(RECORDS SUPPLIED)
---
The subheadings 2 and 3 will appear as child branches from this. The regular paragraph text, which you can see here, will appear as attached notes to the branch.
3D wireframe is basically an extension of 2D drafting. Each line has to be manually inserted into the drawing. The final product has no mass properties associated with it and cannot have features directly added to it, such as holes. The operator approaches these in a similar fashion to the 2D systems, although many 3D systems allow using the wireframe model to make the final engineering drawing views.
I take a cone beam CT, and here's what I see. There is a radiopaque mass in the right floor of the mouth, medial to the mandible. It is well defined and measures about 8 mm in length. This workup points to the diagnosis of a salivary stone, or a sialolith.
---
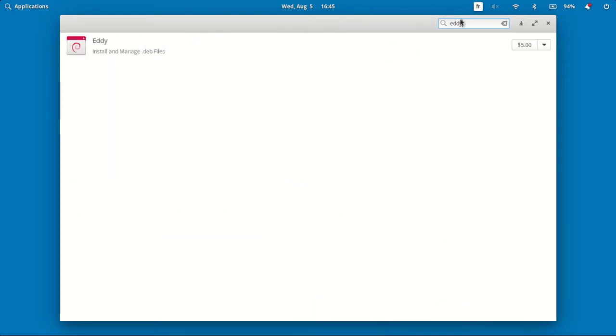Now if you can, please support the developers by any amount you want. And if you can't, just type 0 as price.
---
(ASSIGNED TASK)
Should a line in the material contain "mass", copy it.

(PROBLEM SOLUTION)
3D wireframe is basically an extension of 2D drafting. Each line has to be manually inserted into the drawing. The final product has no mass properties associated with it and cannot have features directly added to it, such as holes. The operator approaches these in a similar fashion to the 2D systems, although many 3D systems allow using the wireframe model to make the final engineering drawing views.
I take a cone beam CT, and here's what I see. There is a radiopaque mass in the right floor of the mouth, medial to the mandible. It is well defined and measures about 8 mm in length. This workup points to the diagnosis of a salivary stone, or a sialolith.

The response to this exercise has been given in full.